Discours de Yoko Shimosawa, évacuée de Tokyo

23 avril 2019

Traduction : Évelyne Genoulaz, à partir de la version anglaise du discours en japonais de Yoko Shimosawa, prononcé en novembre 2018 à l’occasion d’un « rallye contre l’énergie nucléaire et le cycle du combustible », organisé par les opposants du réacteur de Monju.

Concernant la détérioration de la condition physique en relation avec la catastrophe de Fukushima dont parle Yoko Shimosawa, les gens l’ont constatée depuis 2013 et de façon de plus en plus évidente à partir de 2015 si bien que le Dr Shigaru MITA a commencé à analyser les hormones hypophysaires de patients, comme cela est expliqué dans cet article publié sur le Blog de Fukushima de Pierre Fetet

« Aujourd’hui, je me présente devant vous au nom de toutes les personnes évacuées en raison de l’accident nucléaire du nord-est du Japon.

Ce fut une expérience abominable et ce qui me fait le plus mal, à moi, c’est que l’accident nucléaire a signifié, pour moi, voir ma fille si pleine de vie perdre jour après jour la santé jusqu’à finir par demeurer allongée dans son lit.
J’ai élevé mes enfants à Tokyo, que certains ont crue épargnée par les effets nocifs de la radioactivité, mais pour moi, ça sonne faux.
J’ai constaté le contraire car chaque fois que j’ai emmené ma fille hors de Tokyo, elle a miraculeusement recouvré la santé. Tandis que chaque fois que nous revenions vivre à Tokyo, elle recommençait à souffrir de la même maladie.
Ma fille me répétait toujours la même chose : « je me sens tellement mal, je me sens si faible, j’ai mal aux jambes et aux mains. » Tous ces symptômes ont été permanents lors de nos derniers jours à Tokyo. Mais écoutez-moi bien : elle n’avait ni cancer de la thyroïde, ni leucémie.
Un médecin nous a conseillé de quitter définitivement Tokyo. J’ai suivi ses conseils et nous avons déménagé pour Kobe, dans le Kansaï. A partir de ce moment, elle a recouvré une belle santé.

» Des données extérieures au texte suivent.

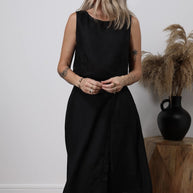 Reistor Overlap Midi Skirt in Black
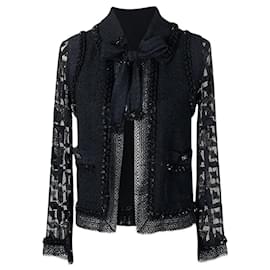 Chanel-Paris  Miami CC Heart Buttons Black Tweed Jacket-Black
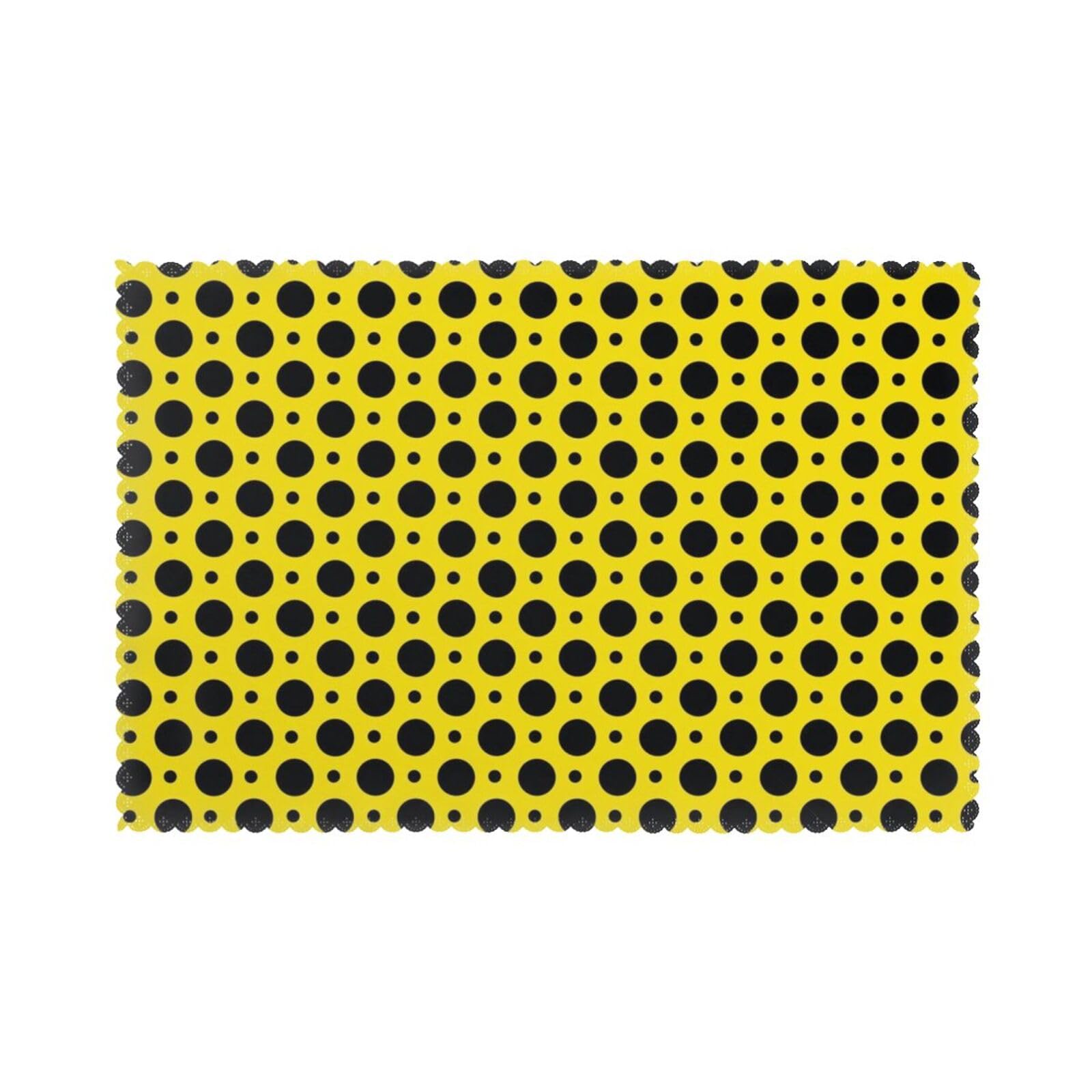 Sets de table antidérapants 30x45cm pois noirs fond jaune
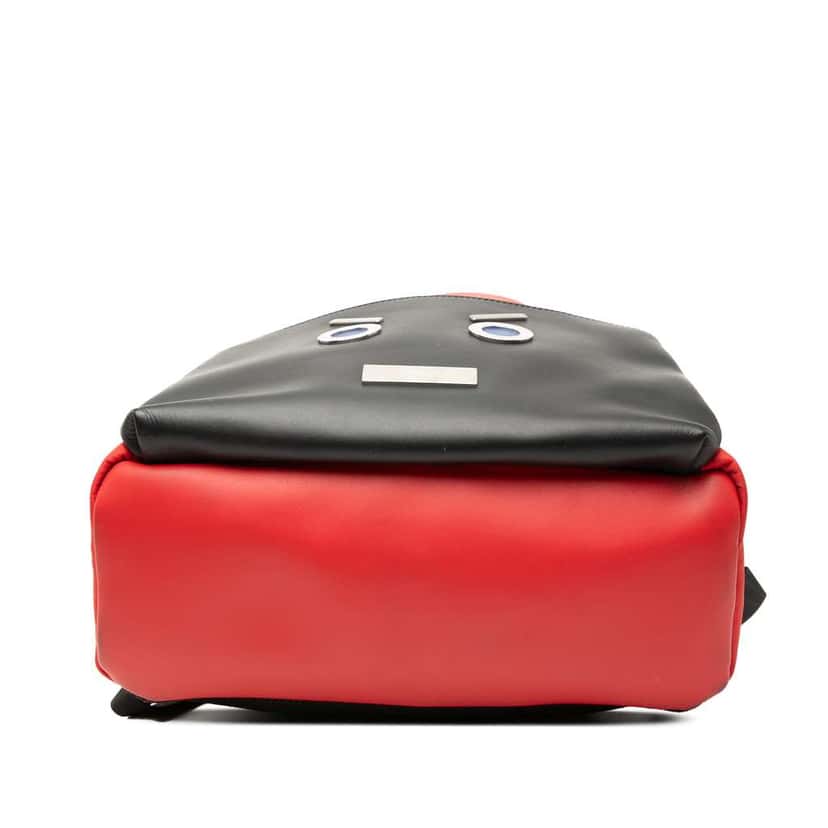 Fendi Nylon and Leather Faces Backpack Red Very good condition - Inside View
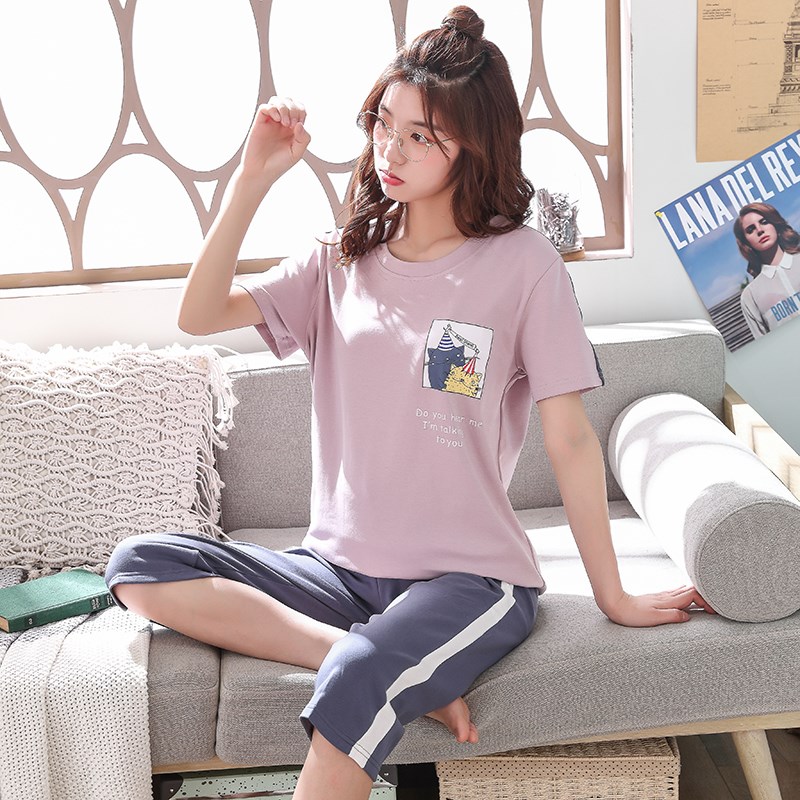 Pajama nữ mùa hè ngắn tay áo quần bảy điểm thoải mái lỏng dễ thương phim hoạt hình thời trang mùa hè womens mặc nhà phù hợp với cô gái.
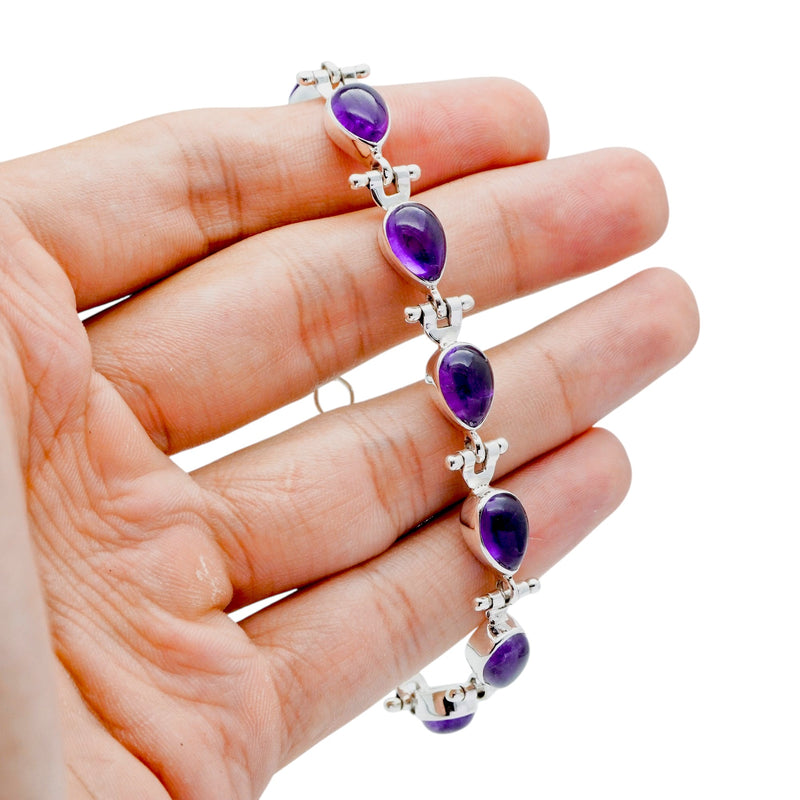 Sterling Silver Amethyst Bracelet SSBR54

Huit années se sont écoulées depuis l’accident et, à ce jour, nous qui fûmes tout particulièrement victimes des radiations émises dans la partie centrale de l’Est du Japon, qu’est-ce qu’il se passe dans nos corps ?…
Sommes-nous conscients du nombre de personnes atteintes de cancers à cause des radiations ? Qui peut dire le nombre considérable de personnes qui sont en train de mourir à cause de la radioactivité ? Est-ce qu’on sait quoi que ce soit à ce sujet ?


On entend aujourd’hui de plus en plus de gens dire « je ne me sens pas bien ».
Des personnes qui perdent leurs facultés intellectuelles, qui se sentent extrêmement épuisées ou qui ont beaucoup de mal à se relever d’une maladie. Ces symptômes se font sentir cinq ans après l’accident.
Il y a une maladie qu’on appelle “Buraburabyo primaire” dont les symptômes sont très similaires à ceux d’une maladie que le docteur Shigeru Mita a appelé la « maladie du déclin des capacités ». Elle s’attaque au cerveau suite à une contamination interne par de faibles doses de radioactivité.

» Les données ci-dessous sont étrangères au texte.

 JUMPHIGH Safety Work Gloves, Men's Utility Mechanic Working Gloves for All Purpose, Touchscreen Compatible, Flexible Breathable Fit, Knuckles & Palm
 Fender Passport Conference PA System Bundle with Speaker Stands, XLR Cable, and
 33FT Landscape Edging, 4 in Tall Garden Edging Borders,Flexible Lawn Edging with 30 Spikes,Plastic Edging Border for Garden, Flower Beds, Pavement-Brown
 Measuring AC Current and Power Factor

Le gouvernement actuel fait tout, avec tous les moyens dont il dispose, pour persuader le peuple du Japon qu’il n’existe pas de “problème de radiations” aujourd’hui.
Même dans les programmes éducatifs, on tend à inculquer aux élèves que la radioactivité ne présenterait aucun danger. Or, il est fondamental de transmettre des informations justes, sinon, c’est l’intimidation et la discrimination entre étudiants qui deviennent la règle. Tout dernièrement, ma fille a reçu de son école une brochure sur la radioactivité dont les informations étaient insensées.

Pour nous protéger de l’exposition interne aux radiations, il faudrait rassembler en un lieu unique toutes les substances contaminées. Car il faut les tenir loin des hommes.
Mais ce n’est pas ce qui se passe car le gouvernement n’a aucun intérêt à les éloigner puisqu’il préfère répéter avec insistance qu’il n’y a pas de contamination causée par la radioactivité.
Notre gouvernement répète inlassablement les mêmes opérations – enlèvement, décontamination, dilution, réduction du volume et traitement – toujours la même chose encore et encore, mais tout ça ne permet pas de résoudre le problème de la contamination par la radioactivité. Le gouvernement refuse de nous permettre d’échapper aux radiations ; en fait, ça nous pousse même à rester !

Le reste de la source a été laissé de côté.